日本人の若手の製作者、卒業したての製作者のバイオリンはこれまでにも何台も見ていますが、いわゆる習作といったレベルのものが大半で、まじめに作っているけれども、どこかびくびくして作っている、間違ったことはしてはいけないという気持ちで作っているものがほとんどです。
要するに、自分でこういうバイオリンを作りたいとか、こういう音を目指そうというビジョンがなく、ただ、教科書通り、習った通りに、しかも先に書きましたように、間違ってはいけないとこわごわ作っているので、伸びやかさが無い、バイオリンとしての魅力が感じられないものになってしまうのです。
しかし、それは製作台数、経験が少なければある程度はいたしかたないこととは言えるでしょう。

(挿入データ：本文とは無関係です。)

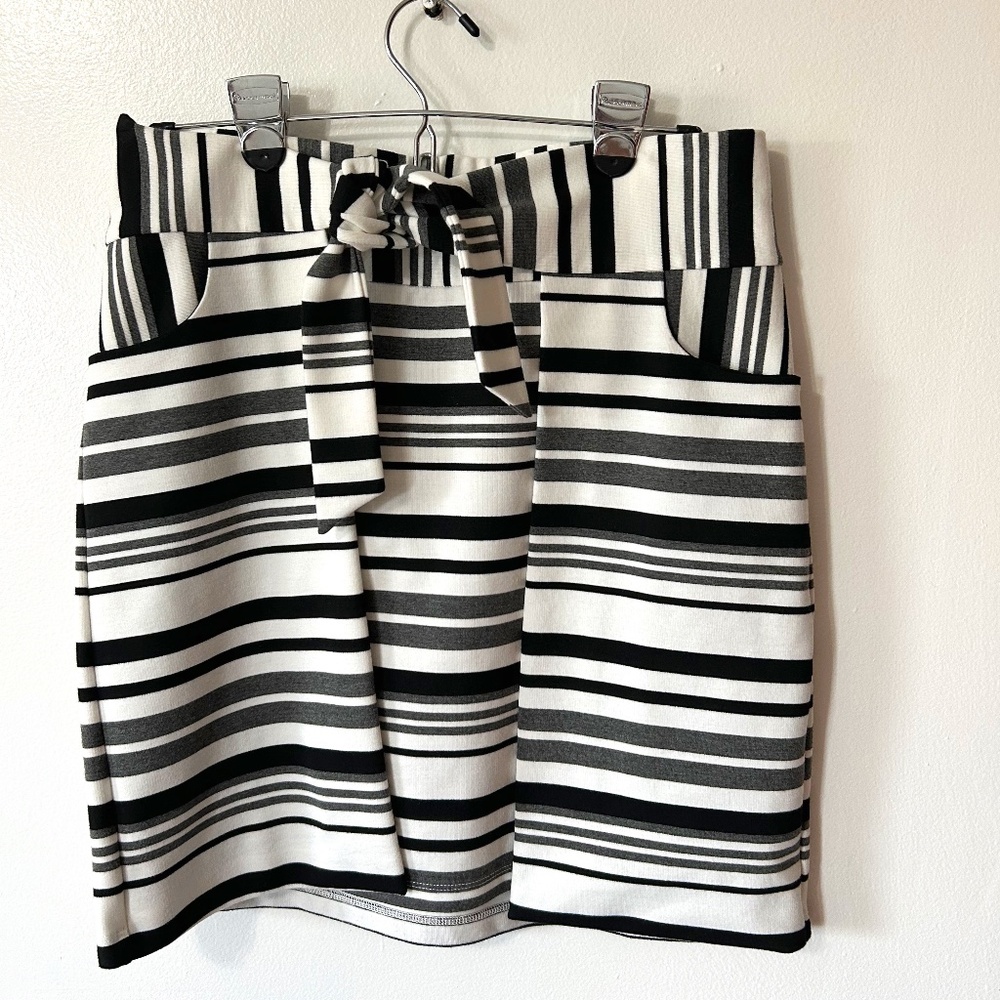 Women's cabi Grandstand Ponte Knit Black White Stripe Faux Wrap Pencil Skirt - Picture 2 of 16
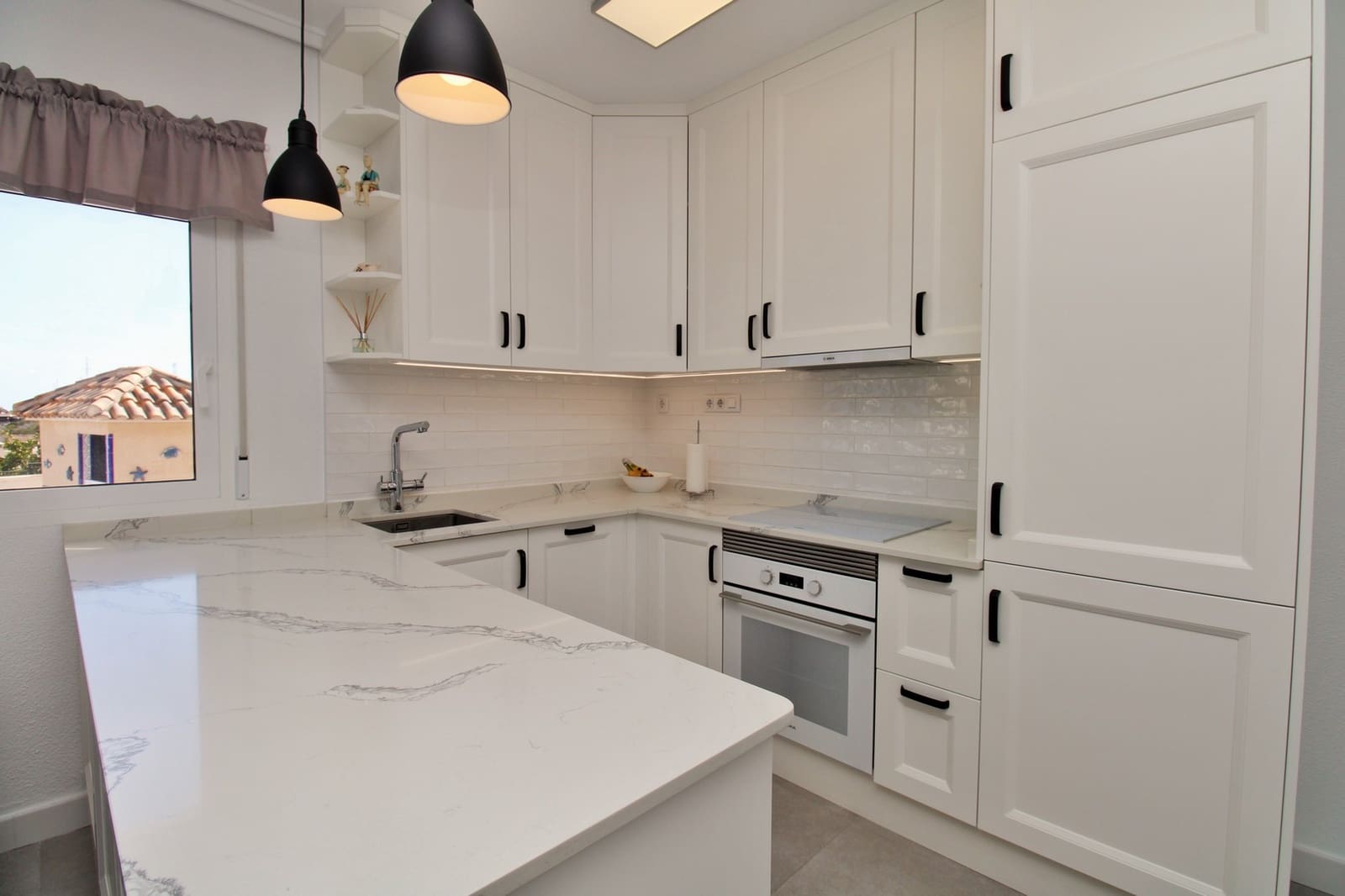 3 soveværelse Villa til salg i Villamartin med swimmingpool garage - € 479.000 (Ref: 9778120)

その段階から、いかに伝統にのっとりながら、自分らしいバイオリンを作っていけるか、生き生きとした、のびのびとしたバイオリンを作っていけるかそれが勝負の分かれ目となるのではないでしょうか。
この大月さんのバイオリンは、その段階ははるかに超え、バイオリンとしての魅力を持つものにすでに近づいてしまっているように思います。
スクロールの精緻さペグボックスの内側の仕上げを見れば、、その他木工技術の正確さ、そして本人の几帳面さは明らかですが、不思議と楽器が無機的な冷たい雰囲気にはなっていません。
往々にして、製作技術が高いと、高級な量産品、機械生産のようなバイオリンになってしまい、人間味の無い、一見するとつまらない楽器に見えてしまうことがあるのですが、なぜか、この大月さんの楽器はそうはなっていません。
おそらく、センスの良いコーナーの仕上げ方であったり、表面をツルツルに磨きあげずに微妙な凹凸を残した、表板や裏板のニスの仕上げ方に、工作精度が極めて高いにもかかわらず、このバイオリンが人間らしさ、温か味を残している理由があるのではないかと私は見ています。
そして、その特徴は音にも現れていて、非常に物理特性、振動特性の良い鳴り方ながら、どこか優しさ、柔らかさがあるように感じられます。
新作というと、イタリア新作にあるような、どこか弾いていて嫌な感じが残る、一週間も弾いていると疲れてしまうバイオリンが多いのですが、この大月さんのバイオリンはそのようなことはありません。
このバイオリンの想像以上の素晴らしさは、実際に手に取って眺め、そして実際に音を出されて初めてわかるもの。